## Records from a collection
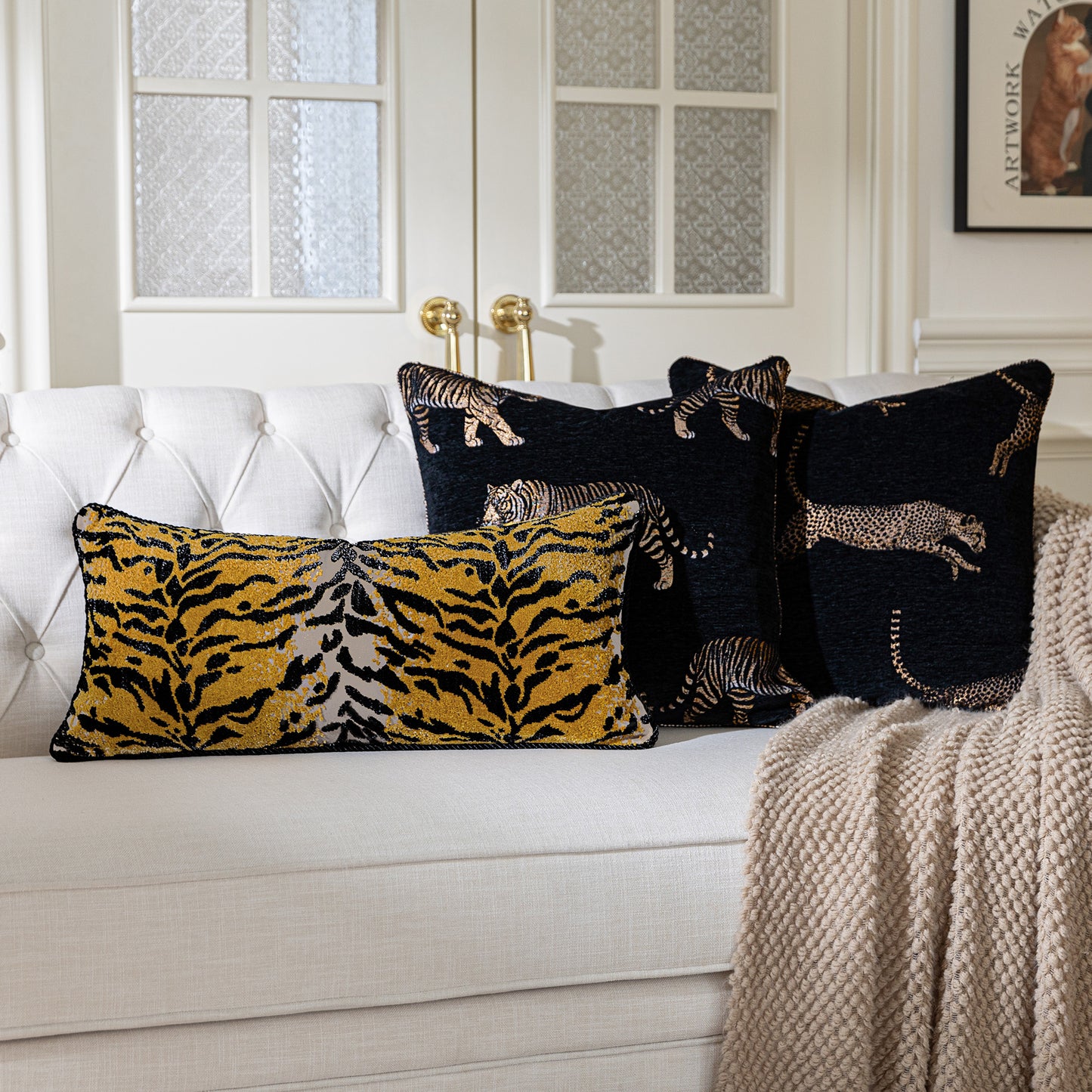 1-Piece  Tiger Print Cut-Pile 13"x26" Lumbar Pillow Cover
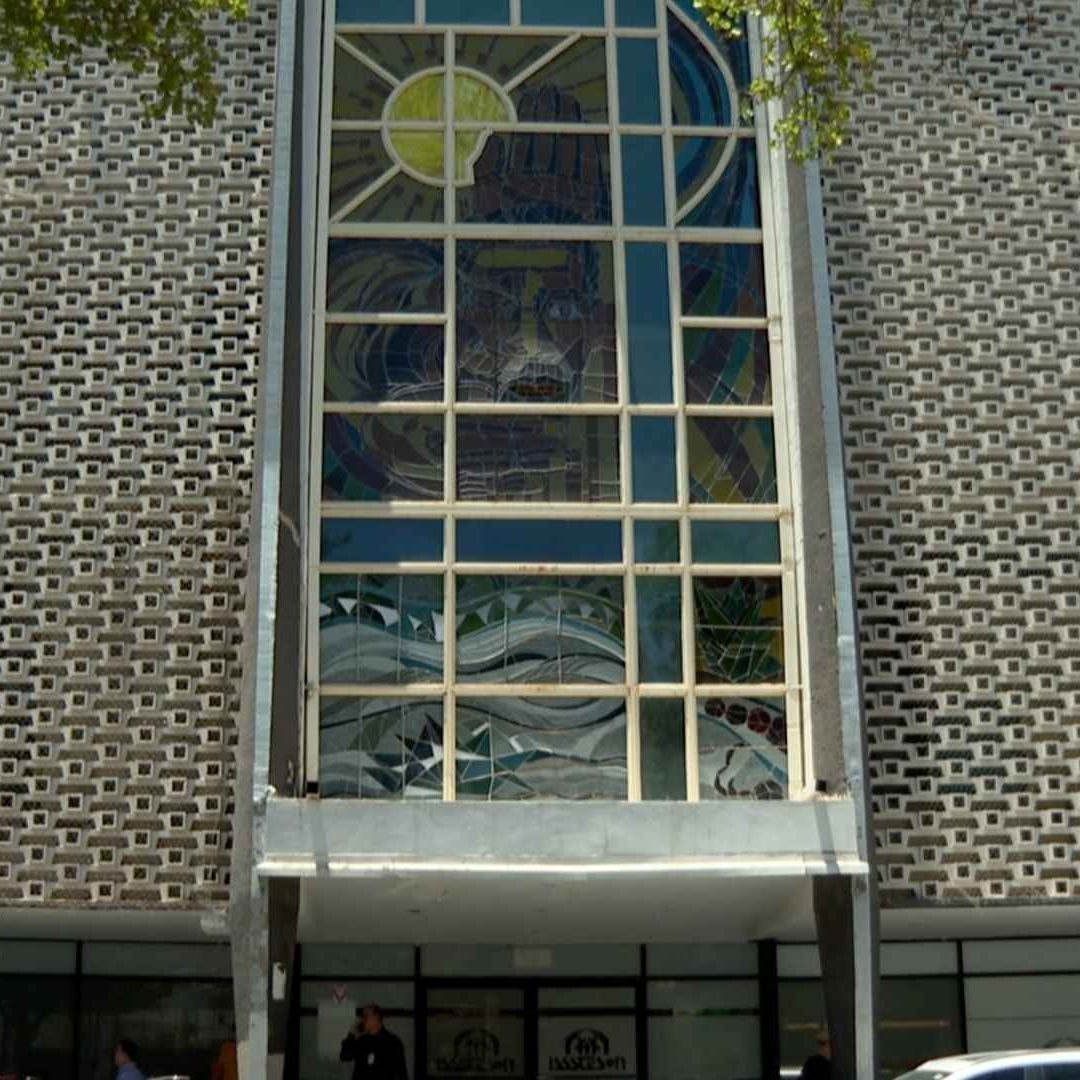 Rescatan a Dos Adultas Mayores Atrapadas en Elevador de las Oficinas de Isssteson en Hermosillo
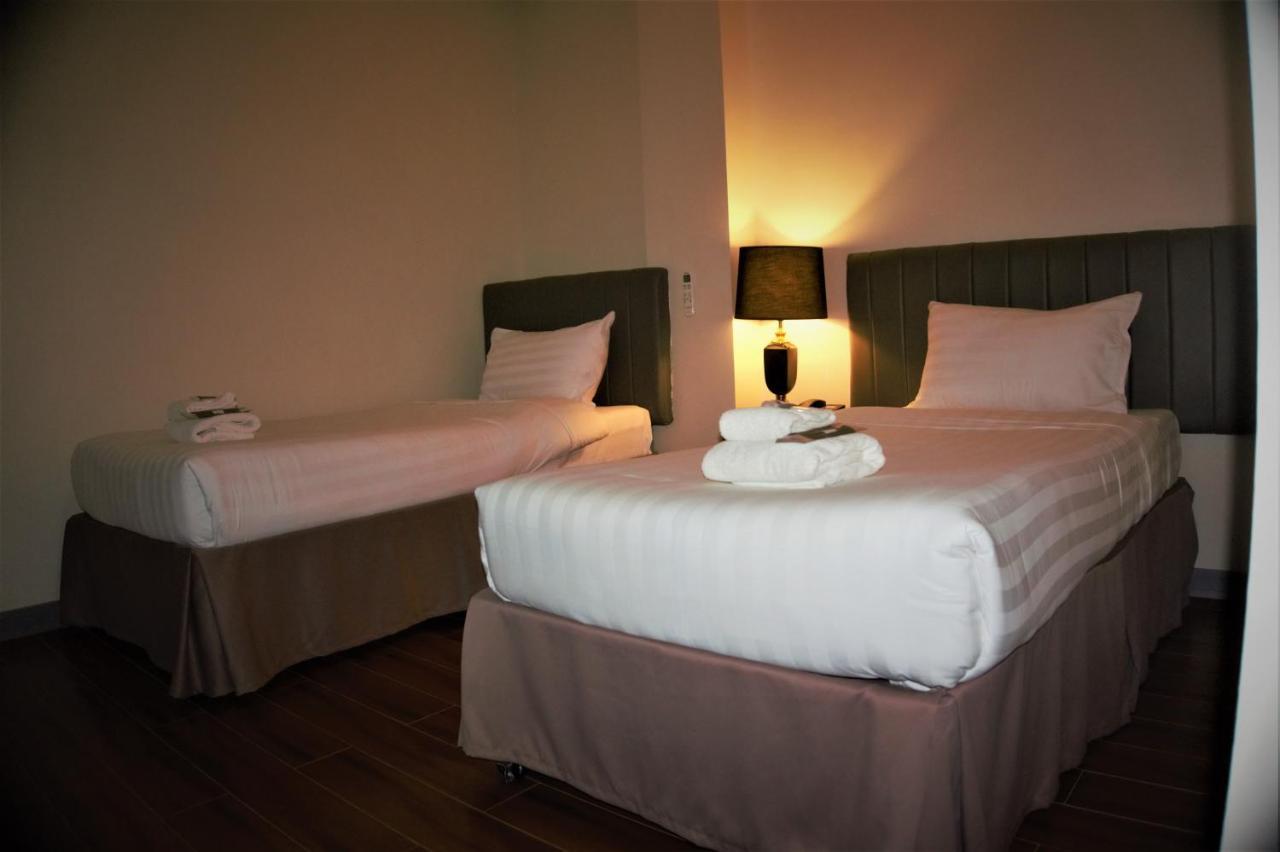 Crevice Hotel Davao City Esterno foto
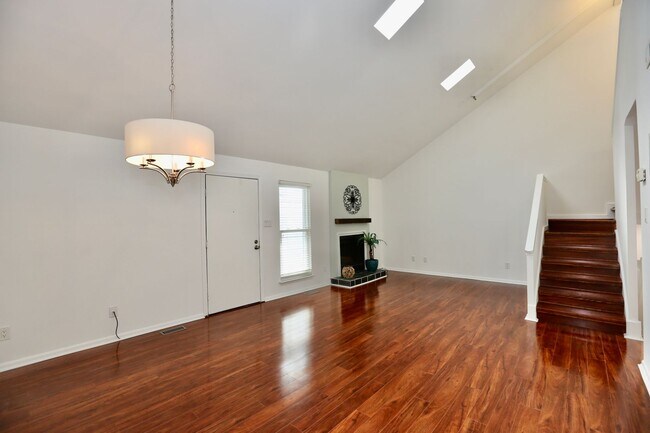 Building Photo - Available 04-21-25!  A Fabulous North End ...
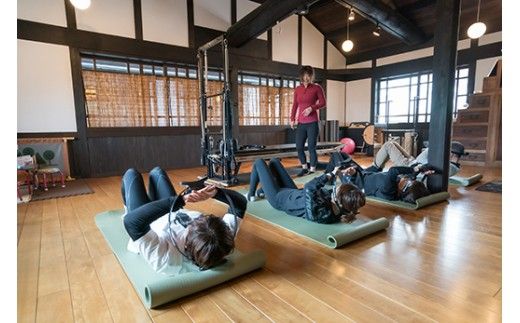 はちたび「ピラティス×八幡山トレッキング」【HP02W】（滋賀県　近江八幡市）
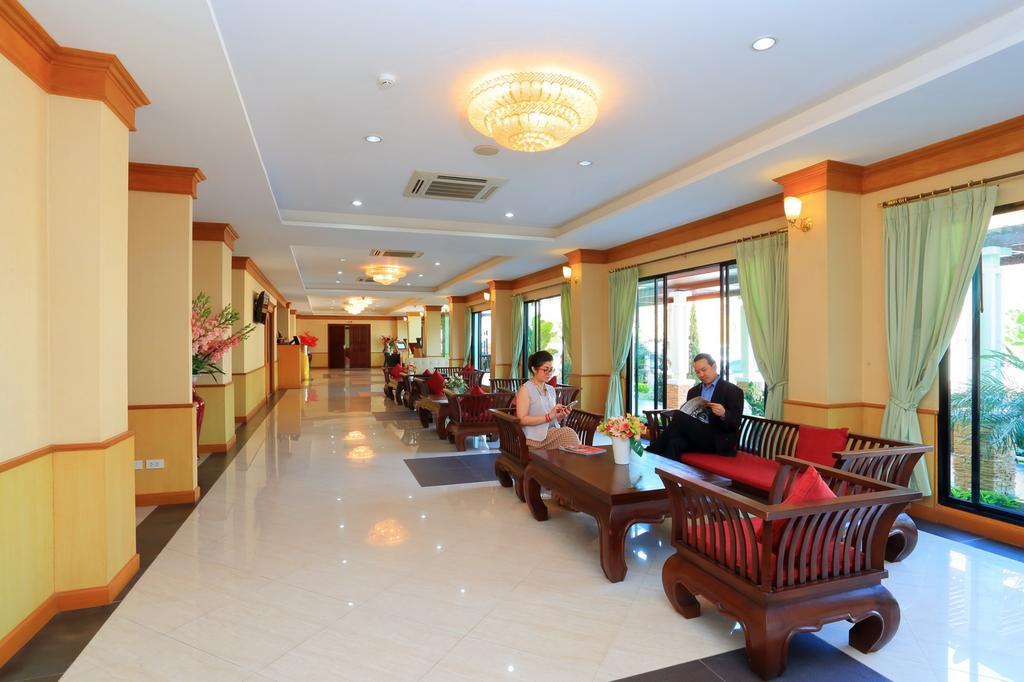 Royal Nakhara Hotel And Convention Centre Nong Khai Exterior foto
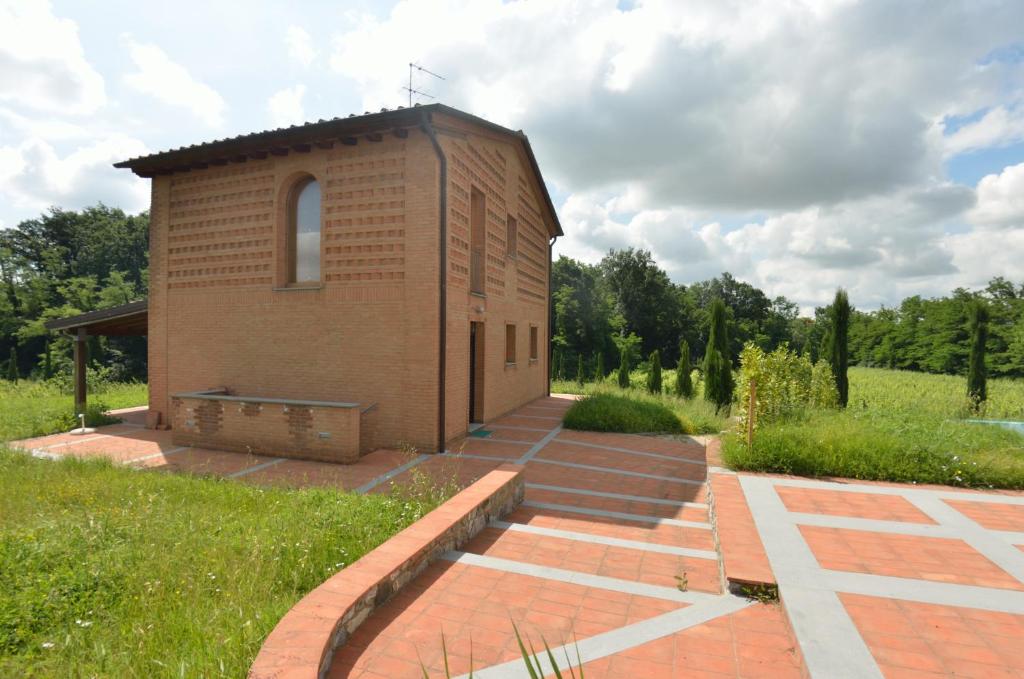 Budova, v ktorej sa dovolenkový dom nachádza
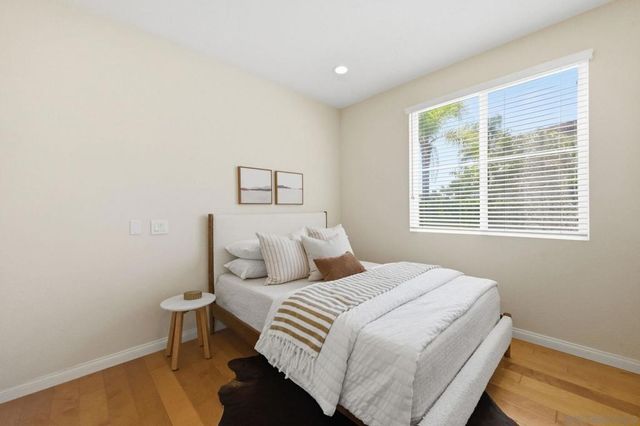 11478 Swan Lake, San Diego, CA 92131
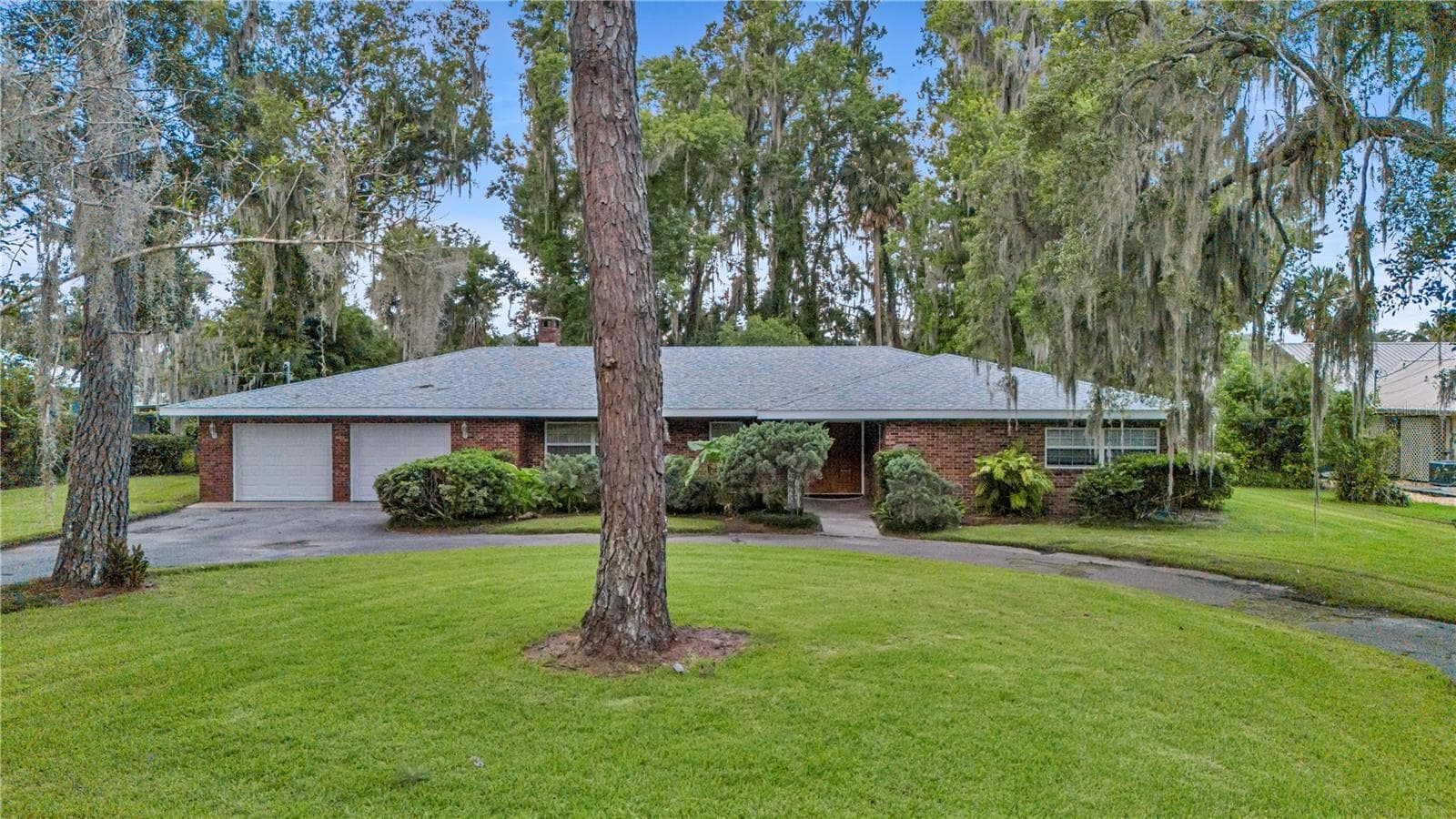 1940 ALICE DR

## What the task requires
Using the data above, write out every line exactly, leaving the images behind.

## Answer space
 1-Piece  Tiger Print Cut-Pile 13"x26" Lumbar Pillow Cover
 Rescatan a Dos Adultas Mayores Atrapadas en Elevador de las Oficinas de Isssteson en Hermosillo
 Crevice Hotel Davao City Esterno foto
 Building Photo - Available 04-21-25!  A Fabulous North End ...
 はちたび「ピラティス×八幡山トレッキング」【HP02W】（滋賀県　近江八幡市）
 Royal Nakhara Hotel And Convention Centre Nong Khai Exterior foto
 Budova, v ktorej sa dovolenkový dom nachádza
 11478 Swan Lake, San Diego, CA 92131
 1940 ALICE DR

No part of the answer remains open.